• Available records:
------------------------------------

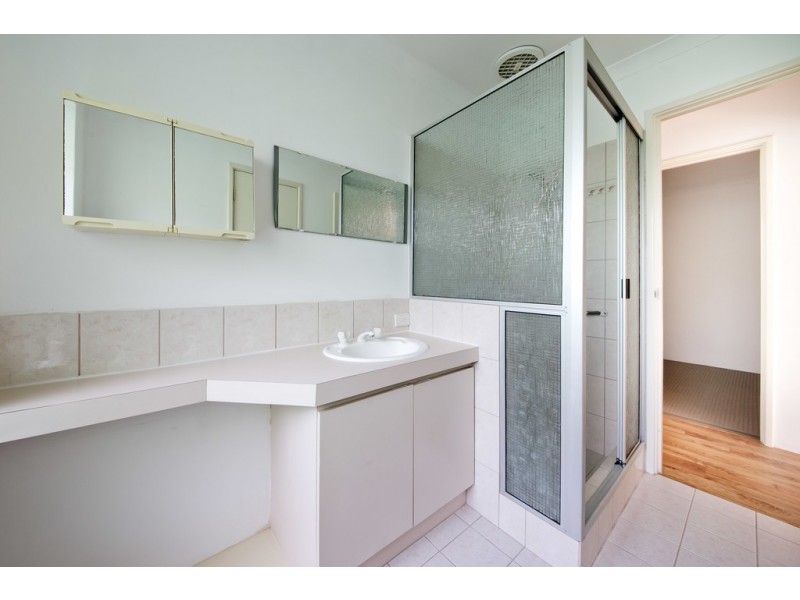 13B Croft Avenue, Dianella WA 6059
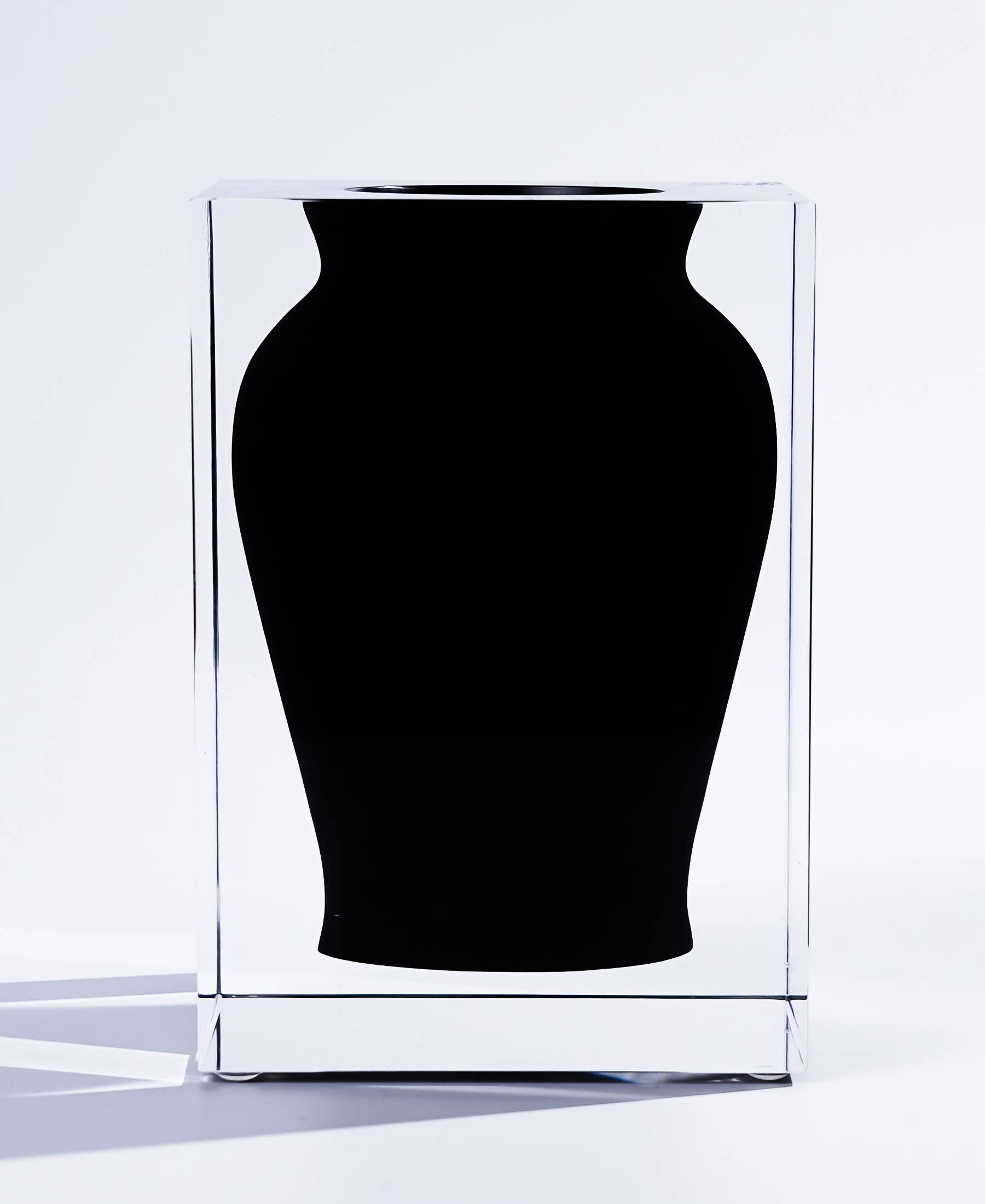 Resin Bud Vase – Wide Mouth: black
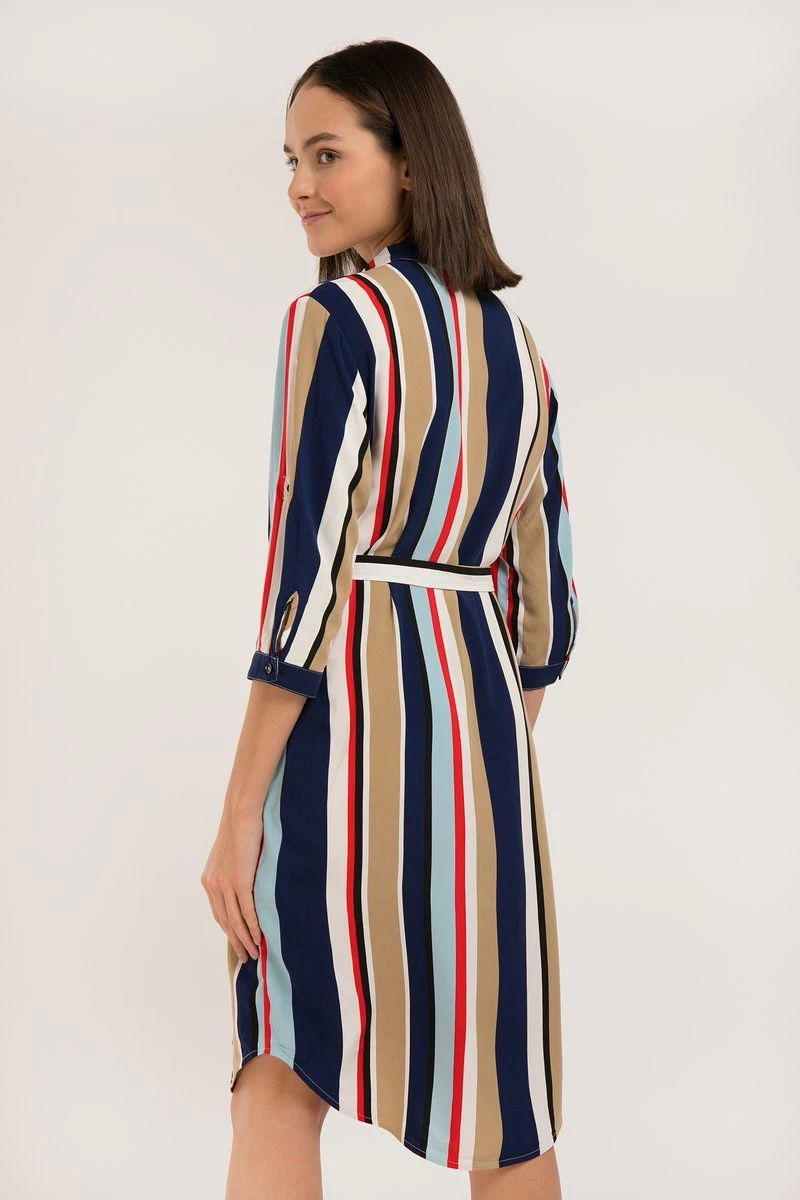 Finn Flare Damen Blusenkleid - Cosmic Blue 5 Finn Flare Damen Blusenkleid - Cosmic Blue – Bild 3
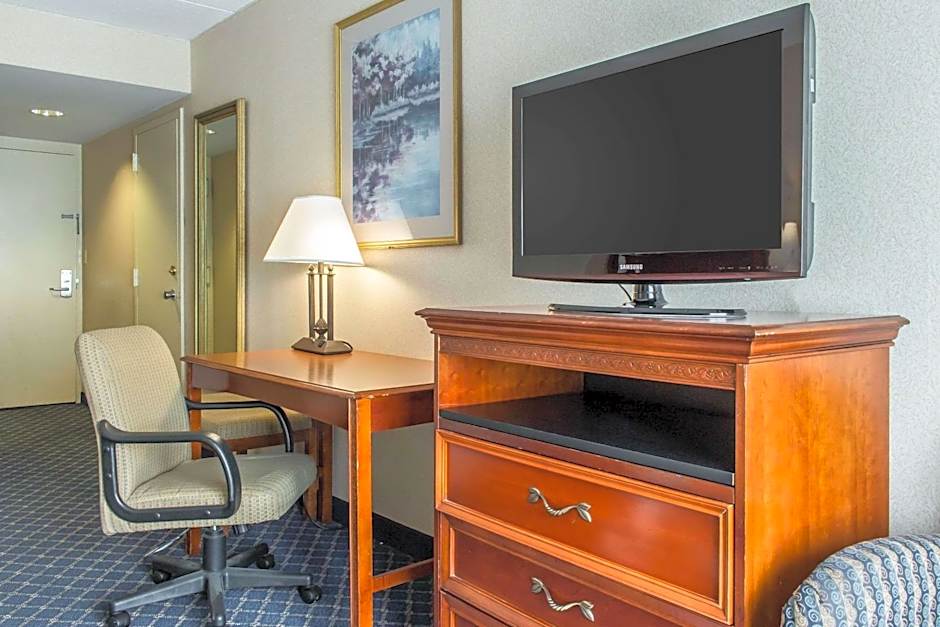 Clarion Hotel & Conference Center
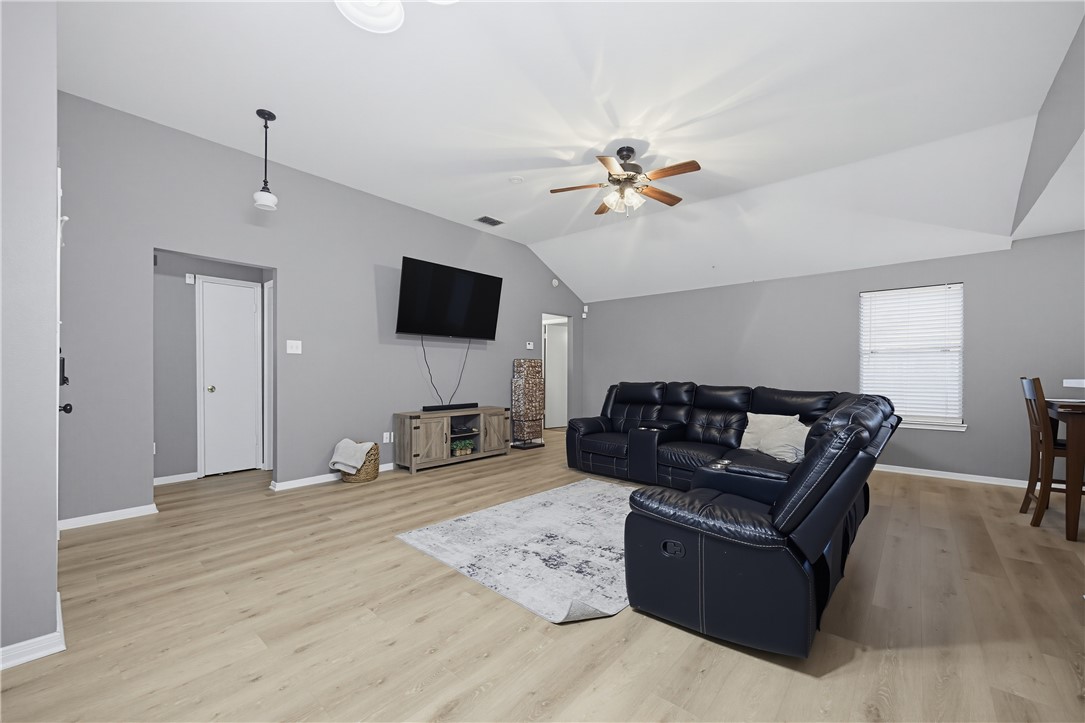 7925 Wolf Drive Corpus Christi TX 78414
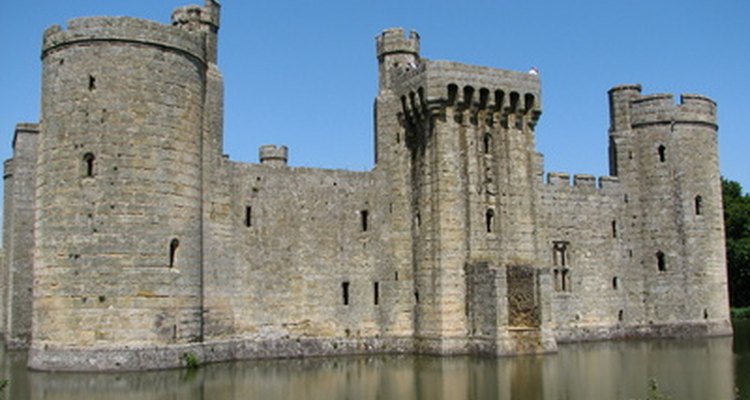 Pode existir um fosso entre o muro externo e o terreno do castelo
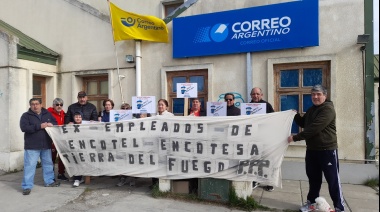 Nuevo reclamo por el pago de las acciones que les adeudan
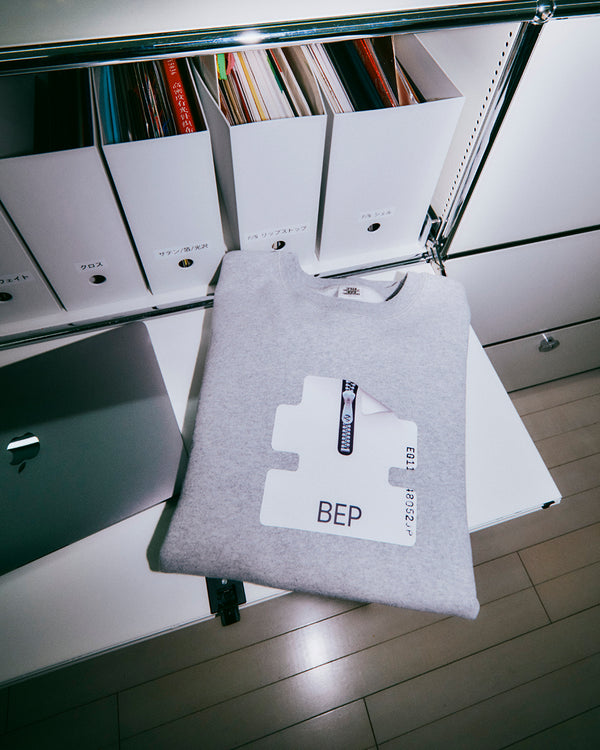 OG ZIP FILE CREW SWEAT HEATHER GRAY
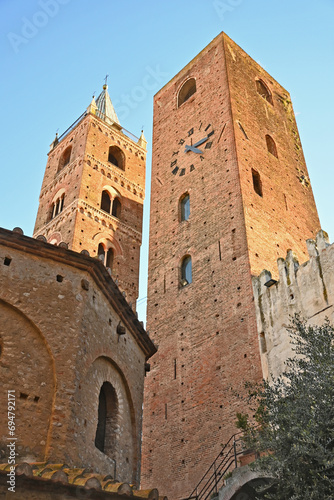 Albenga, il Battistero Paleocristiano e torre San Michele - Liguria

------------------------------------

• Work order:
Skip the pictures and write out exactly the lines from the line containing "Finn Flare Damen Blusenkleid - Cosmic Blue 5" through the end of the listing above.

• Task solution:
 Finn Flare Damen Blusenkleid - Cosmic Blue 5 Finn Flare Damen Blusenkleid - Cosmic Blue – Bild 3
 Clarion Hotel & Conference Center
 7925 Wolf Drive Corpus Christi TX 78414
 Pode existir um fosso entre o muro externo e o terreno do castelo
 Nuevo reclamo por el pago de las acciones que les adeudan
 OG ZIP FILE CREW SWEAT HEATHER GRAY
 Albenga, il Battistero Paleocristiano e torre San Michele - Liguria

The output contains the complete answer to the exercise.